Local principal component analysis (Local PCA) has proven to be an effective tool for estimating the intrinsic dimension of a manifold. More recently, curvature-adjusted PCA (CA-PCA) has improved upon this approach by explicitly accounting for the curvature of the underlying manifold, rather than assuming local flatness. Building on these insights, we propose a general framework for manifold dimension estimation that captures the manifold's local graph structure by integrating PCA with regression-based techniques.
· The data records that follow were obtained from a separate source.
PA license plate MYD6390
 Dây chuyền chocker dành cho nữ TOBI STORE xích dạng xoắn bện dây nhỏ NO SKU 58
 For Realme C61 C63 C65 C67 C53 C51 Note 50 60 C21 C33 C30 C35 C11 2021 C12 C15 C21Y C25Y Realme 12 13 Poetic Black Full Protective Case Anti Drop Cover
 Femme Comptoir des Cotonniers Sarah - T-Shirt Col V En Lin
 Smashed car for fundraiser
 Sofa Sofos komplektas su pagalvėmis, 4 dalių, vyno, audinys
Within this framework, we introduce two representative estimators: quadratic embedding (QE) and total least squares (TLS). Experiments on both synthetic and real-world datasets demonstrate that these methods perform competitively with, and often outperform, state-of-the-art alternatives.

翻译：局部主成分分析（Local PCA）已被证明是估计流形内在维度的有效工具。近年来，曲率调整主成分分析（CA-PCA）通过显式考虑底层流形的曲率而非假设局部平坦性，进一步改进了该方法。基于这些见解，我们提出了一种通用的流形维度估计框架，通过将主成分分析与基于回归的技术相结合，捕捉流形的局部图结构。在此框架内，我们引入了两种代表性估计器：二次嵌入（QE）和总体最小二乘法（TLS）。在合成数据集和真实数据集上的实验表明，这些方法在性能上与当前最先进的替代方案相当，且往往表现更优。